Well last night he was curled up the spareroom bed with one of the ex ferals and this morning had sprayed all over my kitchen .... so when I saw him this evening prowling about in the garden I told him to kiss his manhood goodbye and as soon as he comes inside for dinner im going to nab him :lol: :lol: :lol: 

We rigged the window of the spareroom ..... firmly latched and cable strapped the rest and as he came in .. pulled the window closed and shut the door .

So now he can sit there and contemplate life until next week then its off to the vet for the big snip.

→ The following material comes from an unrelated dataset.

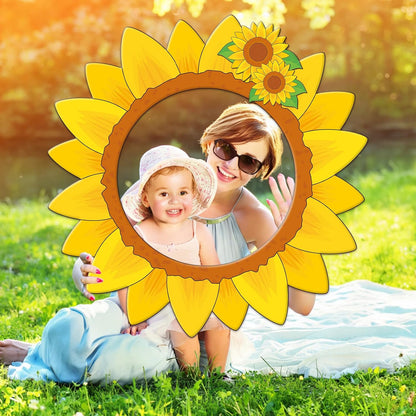 Sunflower Photo Booth Props Sunflower Birthday Party Decorations 26 Inch Large Yellow Flower Selfie Frame Floral Photo Booth Frame Selfie Props Accessories for Birthday Baby Shower Party Supplies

He isnt feral tho .. he allowed me to sit on the bed next to him .... he is full of fleas and ticks but in fairly good condition otherwise ... he eats well at my house and of course he is fairly dirty .... but all that can be fixed ....

Once he is neutered ill keep him confined for a while and see if I can get him tamer .. and then he can do his own thing ..... all my cats accept him and its his colony so he wont go anywhere .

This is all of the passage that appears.